By way of showing the bold red flags the Obama campaign has run up, the foundation recalled a test by the independent National Journal to determine the veracity of allegations that the Democrat’s online fundraising system literally was designed to facilitate fraud.
The essay recounts how journalist Neil Munro bought two prepaid American Express gift cards worth $25 each to donate to the Obama and McCain campaigns online.
Munro bought the cards with cash and then accessed the campaigns’ Web sites from a public library in Fairfax, Va.
The Obama campaign’s site accepted the $25 donation, but the McCain campaign’s site rejected it.
When the National Journal contacted the McCain campaign, a representative explained that its system rejected the donation because American Express could not verify that the donor lived at the address given with the online contribution.
In turn, the Obama campaign replied by e-mail: “Name-matching is not a standard check conducted or made available in the credit card processing industry. We believe Visa and MasterCard do not even have the ability to do this.”
But the Heritage Foundation alleges that the Obama camp’s explanation has a big hole.
Juan Proano, whose technology firm handled online contributions for John Edwards’ presidential primary campaign, told The Washington Post that it is a ready option to require donors’ names and addresses to match those on their credit-card accounts.
Well, the McCain camp figured this out easily enough.
The National Journal also asked Obama officials to explain why the campaign failed to identify hundreds of thousands of low-dollar donors.
The Obama campaign responded that it “would be a pretty hard thing for us to be able to process.”
Again, a fabrication, according to the National Journal, which quickly discovered that there is off-the-shelf, well-known and inexpensive technology that allows Republican and Democratic campaigns alike to sort and identify millions of donors and to highlight or exclude overseas contributors.
“The technology is offered by companies that complete credit card transactions, by banks that provide credit cards to customers, by telecommunications companies that maintain digital networks, and by a variety of smaller firms that track Internet activity,” is the ready conclusion.

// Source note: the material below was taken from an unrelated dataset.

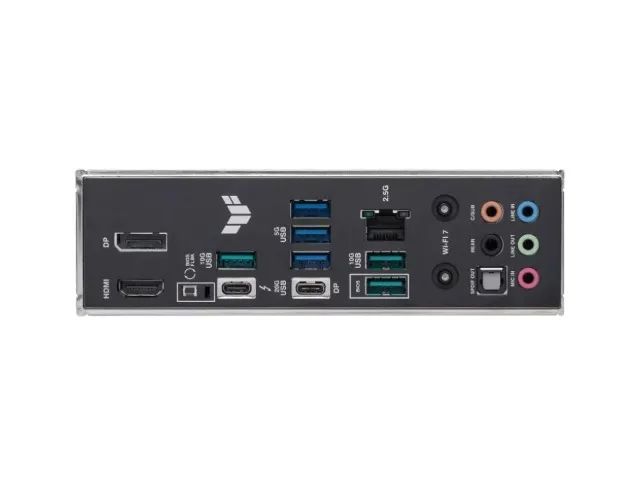 MB ASUS TUF GAMING Z890-PLUS WIFI p/ Intel LGA1851 4xDDR5/2xPCI-e/4xSATA/4xM.2 - Foto 3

The essayists explained how a five-minute phone call to Bank of America’s merchant-services department showed how a campaign could sort transactions to identify any credit cards that were used to make small donations under fake names and fake addresses.

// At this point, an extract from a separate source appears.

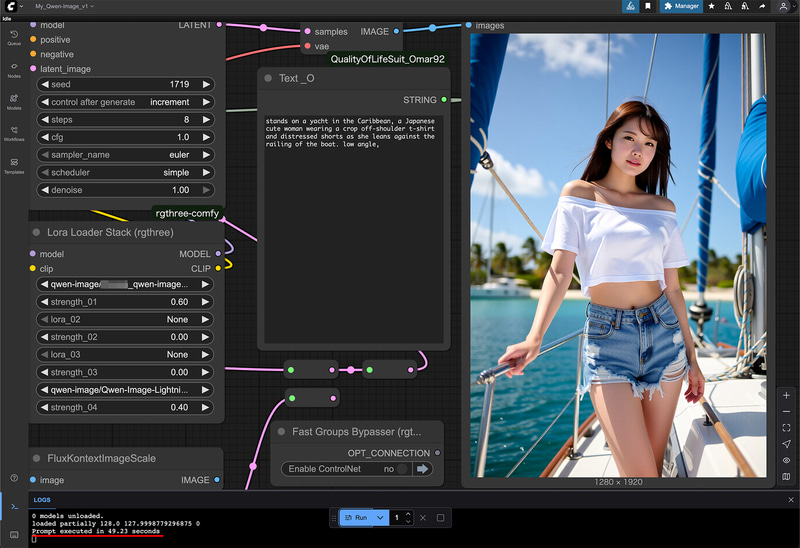 いったん確認でGeForce RTX 4060 Ti(16GB)を使い、ComfyUIで生成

“The campaign could have easily downloaded transaction data from the bank’s Web site and transferred the file into a database, such as Excel,” explained a Bank of America employee.
“Instead of making a 5-minute phone call to protect the integrity of U.S. elections, the Obama campaign did nothing. This is exactly the same approach the campaign has taken toward ACORN’s massive and well-established voter registration fraud campaign,” concluded the essayists.